10.3 Defective Raw Materials
Revolution Roofing’s products are manufactured from steel or other materials which have been purchased from external suppliers to appropriate specification and which are expected to display the mechanical and chemical properties embodied in the material specification and accepts no responsibility for any breach of that material specification. Revolution Roofing will use reasonable endeavours to assist the Customer with any claim against the supplier of that material pursuant to any manufacturer’s warranty provided by or imposed on that supplier.
10.4 Revolution Roofing is not liable to the Customer or any third party for any loss, damage or cost (including legal costs) except as provided in clause 7.2, whether direct, indirect or consequential, arising from:
(a) the manufacture or delivery of any of the Goods;
(b) any failure to manufacture or deliver any of the Goods;
(c) late completion of the order or late delivery; or
(d) the repossession or sale of any of the Goods and the Customer releases Revolution Roofing from any such claim.

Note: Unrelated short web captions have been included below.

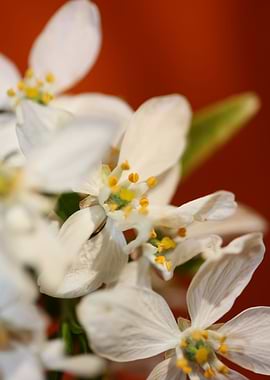 Choisya flower blossoming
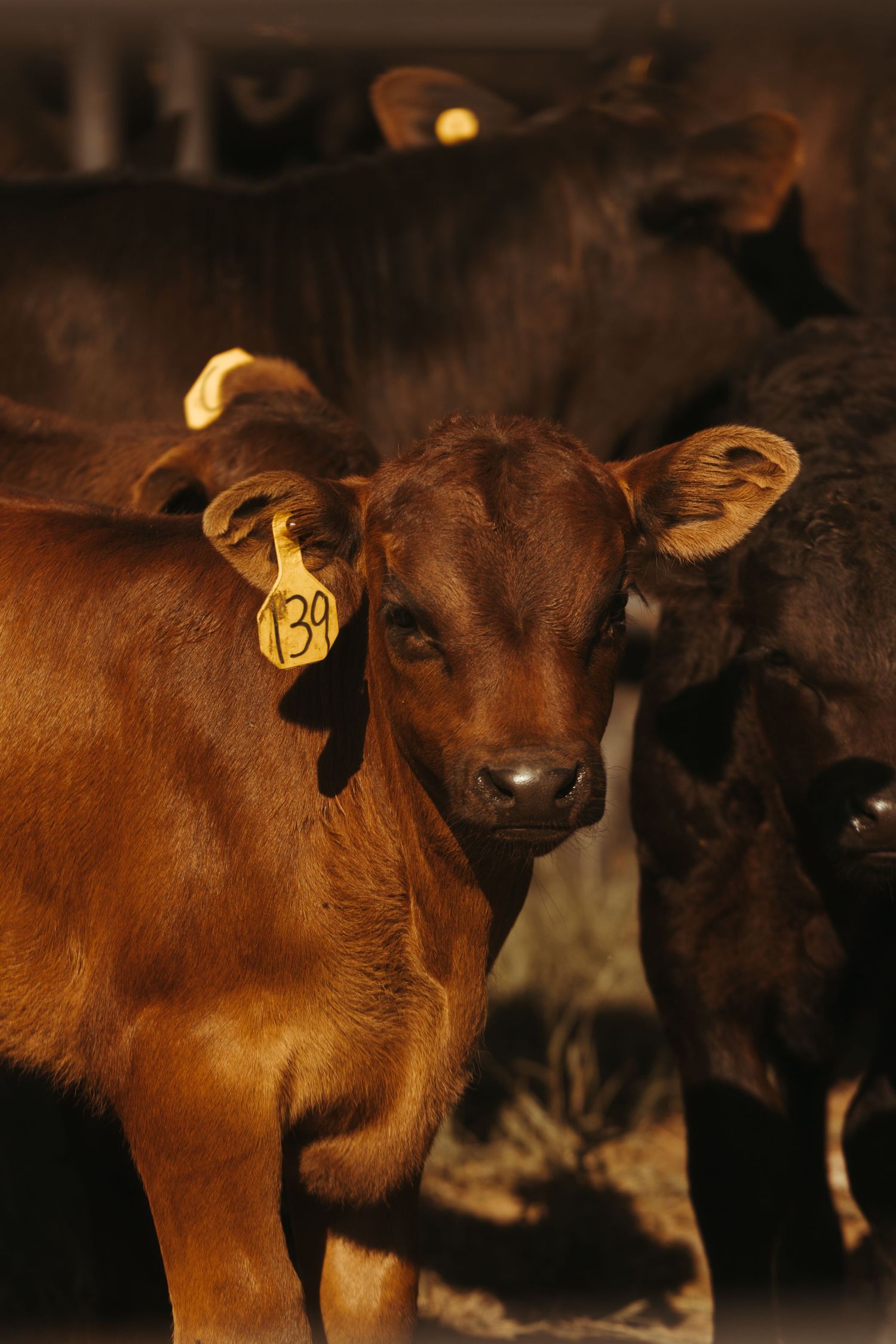 Agriculture photography services.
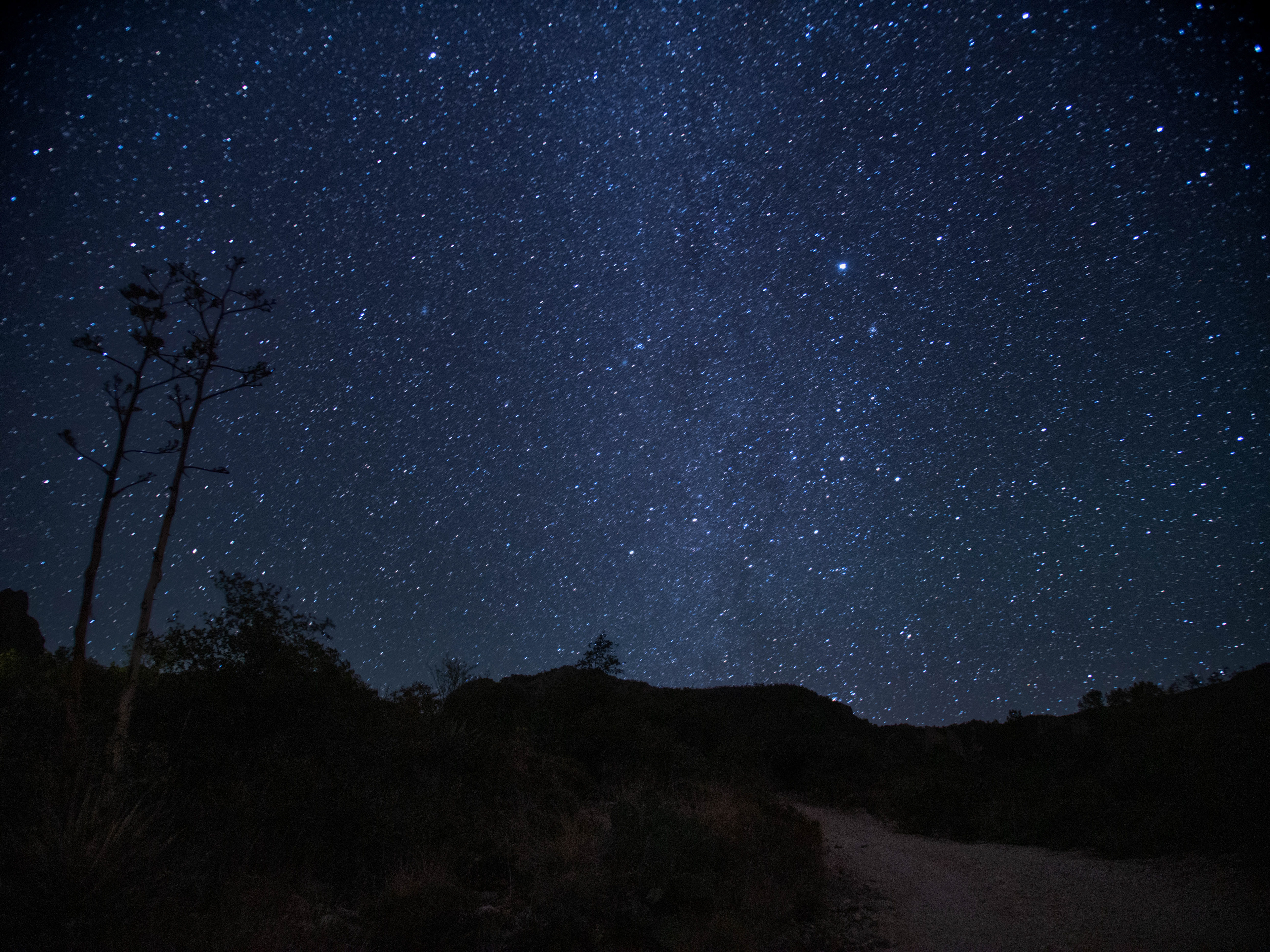 Big Bend National Park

10.5 The Customer indemnifies Revolution Roofing and continues to indemnify Revolution Roofing from and against any claims from third parties in respect of all costs, suits, actions, damages and losses (whether direct or indirect, consequential or not) arising out of any of the following:
(a) the manufacture or delivery of any of the Goods;
(b) any failure to manufacture or deliver any of the Goods;
(c) late completion of the order or late delivery;
(d) the repossession or sale of any of the Goods.
11.1 Each clause in these terms and conditions must be read down to the extent necessary to be valid. If a clause cannot be read down to that extent, it must be severed.

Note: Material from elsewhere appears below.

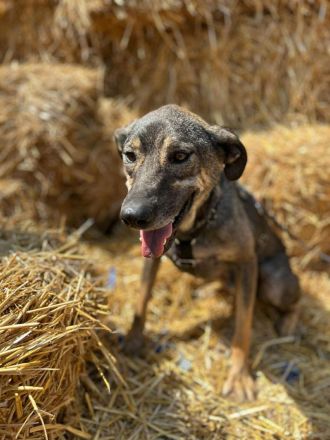 Rocco sucht sein Für-immer-Zuhause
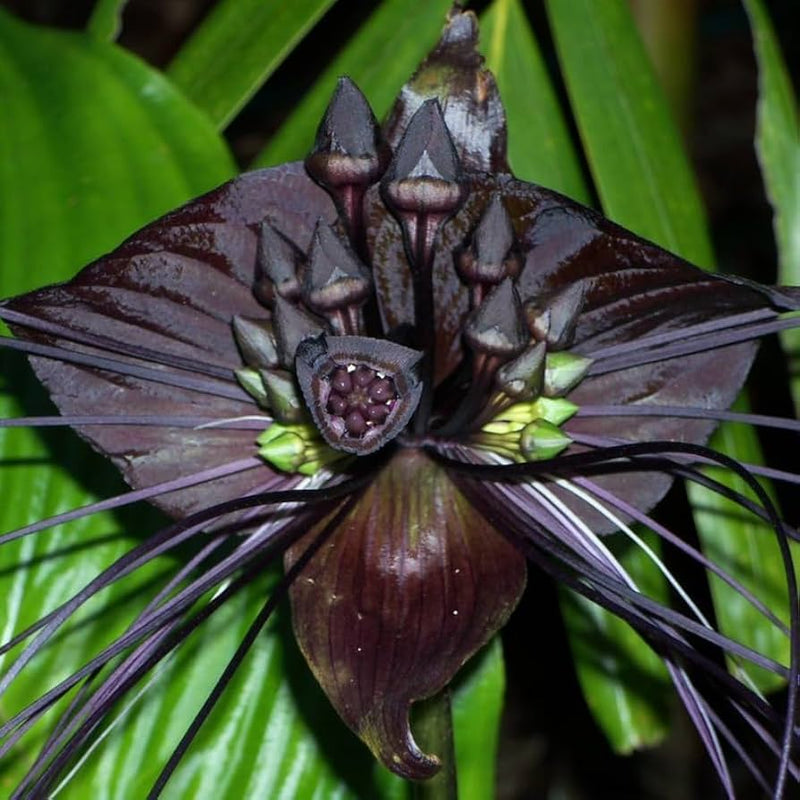 Tiger orchid samen for anpflanzung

11.2 Any waiver of any clause of these terms and conditions is only valid if made in writing and signed by the relevant party.
11.3 Revolution roofing retains the right to vary these terms and conditions from time to time with 30 days notice to the customer (such notice may be inclusions on existing statements, invoices, quotes, confirmations).

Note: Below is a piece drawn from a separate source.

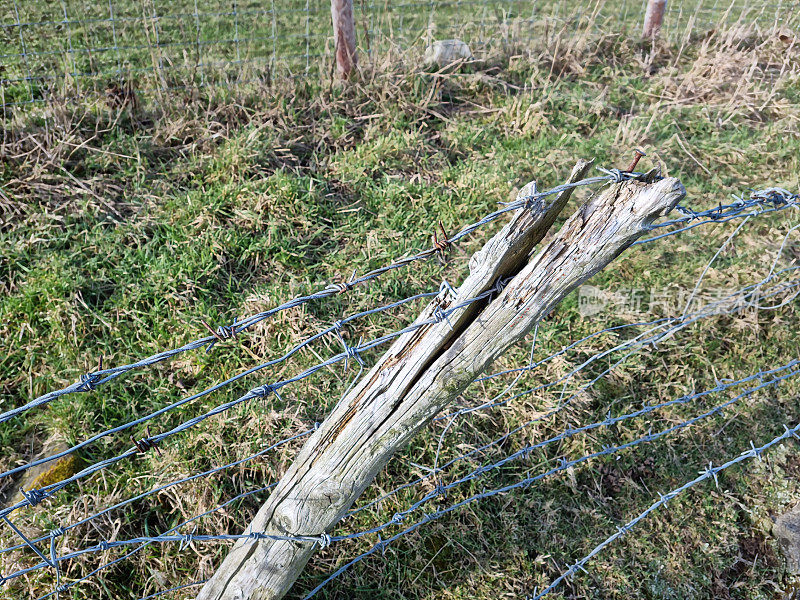 有倒刺的铁丝网，背景是绿草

11.4 The governing law of these terms and conditions is the law of South Australia, Australia.
12.1 In order to obtain a credit account, Revolution Roofing will collect personal information from the Customer. Revolution Roofing uses this personal information in accordance with the Privacy Act 1988 (Cth).
12.2 The personal information you have disclosed in your application for credit with Revolution Roofing will only be disclosed to the credit referees nominated by you and to our credit rating agency. For further information regarding the privacy of your application please contact the Accounts Officer.
13.1 The Customer acknowledges that the information contained in any promotional material, brochures, and specifications or on its website is provided by Revolution Roofing in good faith and is not to be relied upon as being complete, accurate, or up to date. Such information is subject to change by Revolution Roofing at any time without notice.
13.2 Subject to any terms implied by law which can not be excluded, Revolution Roofing accepts no responsibility for any loss, damage, cost or expense (whether direct or indirect) incurred by the Customer as a result of any error, omission or representation in any information contained in such information or on its Website.
13.3 Revolution Roofing is not responsible for the content or the accuracy of any information of any site accessed from its website (including without limitation sites linked through advertisements or through any search engine). The content of any site accessed from its website is the responsibility of the owner of that site. For the avoidance of doubt, unless otherwise specified, a link from its website to another site should not be construed as an endorsement by Revolution Roofing of that site or any of its products and services offered.
13.4 Revolution Roofing does not accept any responsibility or liability for any claims arising out of your use of these links or of the descriptions or information contained on such sites.